Les échanges de tirs d’artillerie de part et d’autre de la "ligne bleue" et les raids aériens visant des villages du Sud se sont poursuivis à un rythme quotidien depuis le funeste 7 octobre, avec leur lot de pertes en vies humaines, de destructions, d’exode forcé de dizaines de milliers de Libanais, et de vastes dégâts dans les plantations. À ce stade, et dans une optique purement libanaise, certaines questions, qui fâchent sans doute, mériteraient d’être soulevées, cartes sur table… Sans complaisance, mais aussi sans agressivité ou un quelconque ressentiment.

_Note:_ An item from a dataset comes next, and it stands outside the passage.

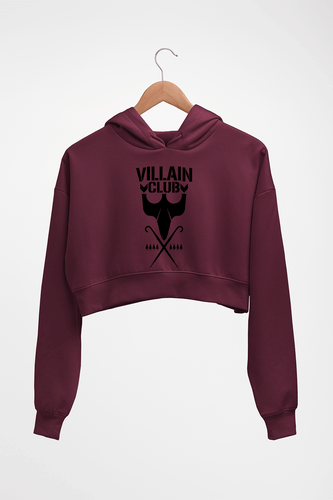 Villain Club Crop HOODIE FOR WOMEN-Maroon-Ektarfa.online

N’est-il pas légitime, face à la sérieuse menace de guerre totale qui plane sur le pays, de soulever le problème de la situation au Sud en ne prenant en considération que le seul intérêt libanais, sans être automatiquement accusé, de manière primaire, de "traitrise"? Un citoyen lambda n’est-il pas en droit, sans être perçu de "collaborateur", de s’interroger sur le bien-fondé du déploiement du Hamas au Sud? Et dans ce cadre, quelle est la finalité de la présence en pleine zone Finul de combattants turcs? N’y aurait-il pas également des miliciens d’autres nationalités?

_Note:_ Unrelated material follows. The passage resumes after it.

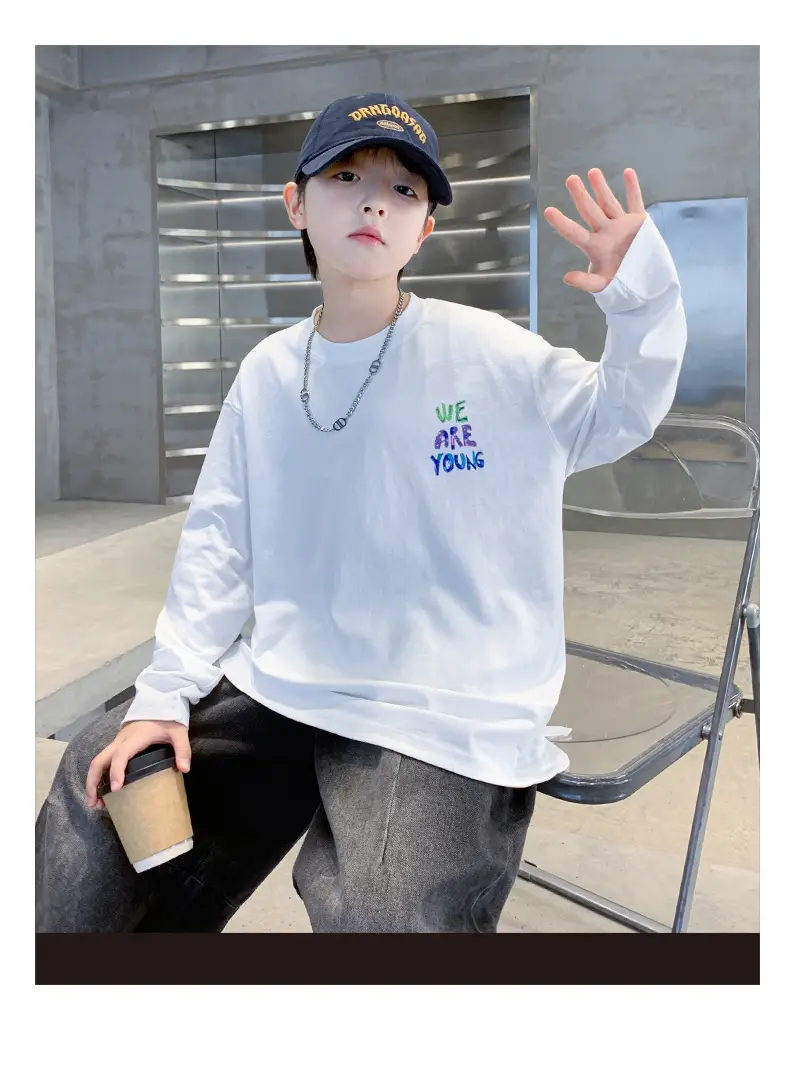 Autumn Long Sleeve T-Shirt for Boys White "We Are Young" — feature 22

Mais plus important encore, une grande question à volets multiples – que certains jugeront "naïve" – doit être posée en toute transparence: dans quel but (bien défini), pour quelle cause (réelle), dans quelle optique, pour servir quels intérêts, des dizaines de combattants du Hezbollah et de civils, dont plusieurs journalistes, ont-ils été tués à la frontière depuis le 7 octobre? Et quid de l’intérêt supérieur du Liban, de la population libanaise, à cet égard?    

Le plus grand danger auquel sont confrontés aujourd’hui, une fois de plus, les Libanais réside dans la banalisation de ce fait accompli guerrier. Un fait accompli imposé manu militari par un seul parti, théocratique, dont les décisions stratégiques, notamment la décision de guerre et de paix, relèvent de surcroît (on ne le répètera jamais suffisamment) d’une autorité supérieure régionale – le Guide suprême de la République islamique – qui définit ses positions en fonction d’un projet politique transnational et d’une raison d’État concoctés par les mollahs de Téhéran. 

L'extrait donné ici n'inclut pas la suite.